The Contract Isn’t Signed, a Few Issues Remain, the Work is Done; Now What?

Lawyers hate this question. A contractor and subcontractor, having gone back and forth on a few contract terms while the sub is performing work, reach the end of the project – or at least the end of the sub’s work – without an agreed contract form. What happens? Lawyers hate the question because clients hate the answer: it depends. There is no “one size fits all” answer to this question. That is the situation recently confronted by the Court of Appeals in North Carolina, and there are a few lessons to be gleaned from the discussion. The capsule version of events was:

• Sub’s July 2011 quote is accepted by the GC.

• Subcontract form is proposed by GC in early October, and sub’s comments and revisions are offered in response.

• GC reminds sub in late October: no work to start until subcontract is signed.

• Sub begins work in early November without signed agreement.

• Sub and GC continue to exchange revisions, addenda, clarifications, etc., without reaching agreement, through November, December and January.

• Sub’s work is completed in January, and sub asks to be paid.

• GC reminds sub: no payment without a signed contract.

• Sub sues GC in home court; GC argues venue should be elsewhere.

The court notes that this was not a situation where the parties impliedly accepted a contract by failing to respond or by tacitly proceeding. Rather, the sub and GC continued to go back and forth on several items in the contract, without resolution.

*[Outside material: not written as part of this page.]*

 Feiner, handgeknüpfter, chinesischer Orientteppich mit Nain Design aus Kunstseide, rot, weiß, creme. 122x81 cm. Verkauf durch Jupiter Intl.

There are many cases in many jurisdictions holding that parties can agree on a contract even if it is not signed. The signature is simply proof of their agreement. But if the contract is not signed, and there are disputes as to the contract terms, the fact-finder must look more closely at what took place. Was there agreement on essential terms? Were the disputed terms material? Did the parties continue to argue? Or did they proceed with performance and ignore – for the time being – any disagreement over terms?

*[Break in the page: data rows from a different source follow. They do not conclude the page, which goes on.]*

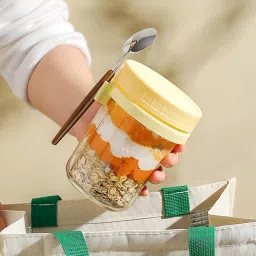 Glass Overnight Oats Containers with Lids and Spoons Glass Mason Jar-2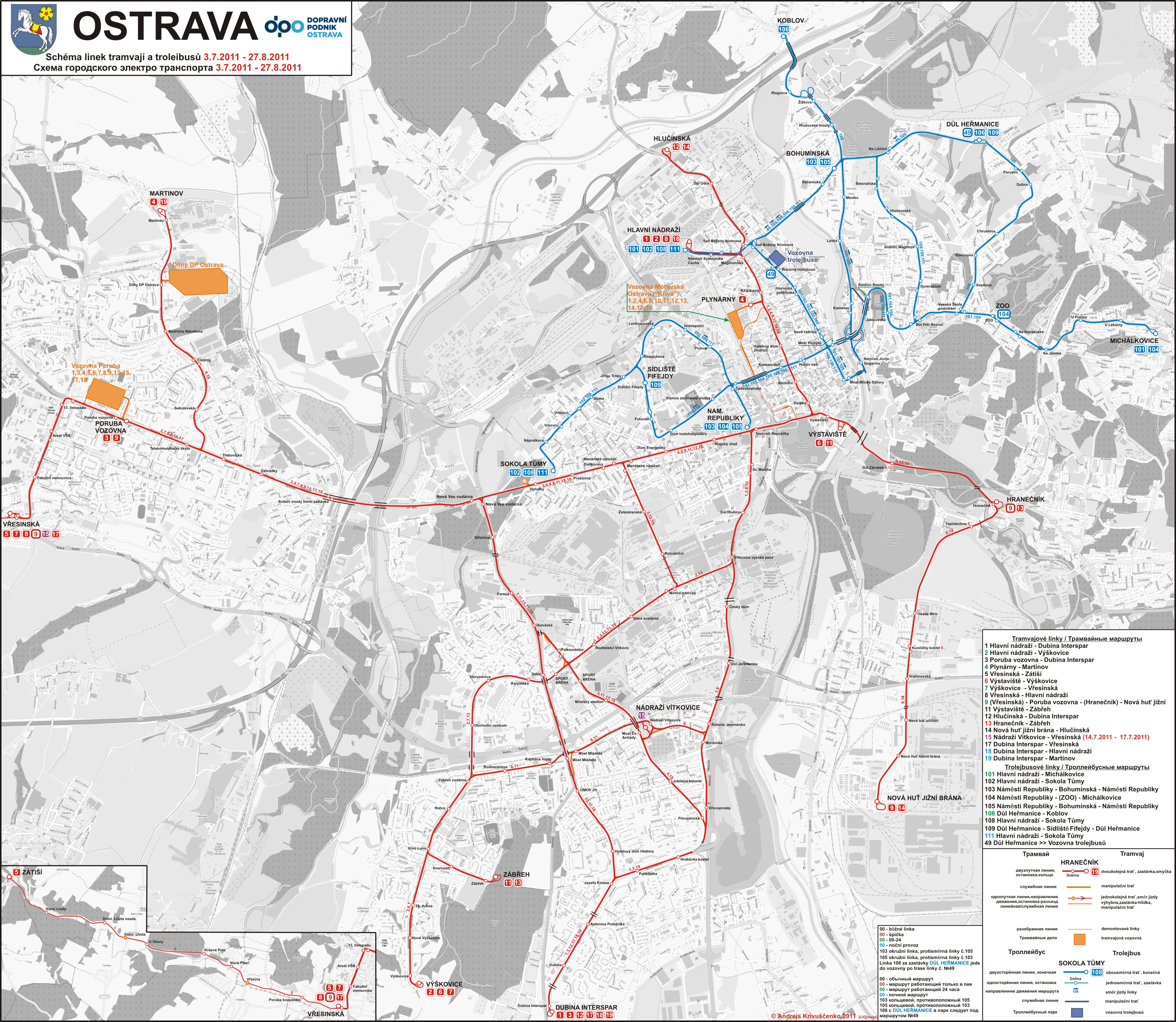 Ostrawa — Maps; Maps made with OpenStreetMap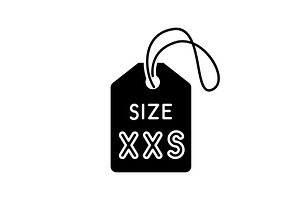 XXS Size Label Black Glyph Icon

As one commentator has noted: "Failing to memorialize an oral contract does not invalidate the agreement but instead merely affects the mode of proving the terms of the contract." Hutson, Jr. and Miskimon, North Carolina Contract Law, §§ 2-4 and § 2-7-1. The courts also attempt to determine the intent of the parties based on their actions. But in the case at hand, the actions spoke to a continuing, unresolved argument over a handful of clauses, and no one called time out until those issues were resolved.

The NC appellate court decision focuses on venue, since the sub filed suit in Forsyth County but the venue clause in the unsigned contract called for disputes to be resolved in Wake County. The trial court denied the motion to transfer venue, and the appeals court concurred. The GC had continued to modify the contract as the sub’s work was underway, the sub repeatedly disagreed with certain terms, including venue, a “finalized subcontract” from the GC had modified terms not acceptable to the sub, and the paper trail demonstrated a continuing disagreement over terms even when the sub’s work was complete. On the narrow issue of venue, the lack of agreement in the subcontract worked against the GC.

The lesson here is the larger picture. Parties who allow the schedule to control performance without resolving the paperwork could find themselves in a mess, particularly if the back-and-forth on contract terms never stops. The sub is unhappy about not being paid, and the GC is unhappy about what it perceives to be a less-than-friendly forum. (Or maybe the GC simply wants the sub to bear the inconvenience of the 100-mile or so trip between counties.) And the court will have to sort out the mess, at a greater cost than either party wants.

The case is Se. Caissons, LLC v. Choate Constr. Co., 2016 N.C. App. LEXIS 432 (April 19, 2016).